## Dataset excerpts
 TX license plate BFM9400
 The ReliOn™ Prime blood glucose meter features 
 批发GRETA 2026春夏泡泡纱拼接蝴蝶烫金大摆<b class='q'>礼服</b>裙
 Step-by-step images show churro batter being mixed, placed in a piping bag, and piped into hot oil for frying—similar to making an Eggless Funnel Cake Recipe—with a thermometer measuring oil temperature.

--

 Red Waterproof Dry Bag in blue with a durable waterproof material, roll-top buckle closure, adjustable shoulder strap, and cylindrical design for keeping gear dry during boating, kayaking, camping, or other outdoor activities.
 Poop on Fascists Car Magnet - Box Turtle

## Task item
Both the line containing "The ReliOn™ Prime" and the line containing "Step-by-step images show" belong in the answer. Print them and every line above that falls between them exactly, and no others.

## Answer to this problem
 The ReliOn™ Prime blood glucose meter features 
 批发GRETA 2026春夏泡泡纱拼接蝴蝶烫金大摆<b class='q'>礼服</b>裙
 Step-by-step images show churro batter being mixed, placed in a piping bag, and piped into hot oil for frying—similar to making an Eggless Funnel Cake Recipe—with a thermometer measuring oil temperature.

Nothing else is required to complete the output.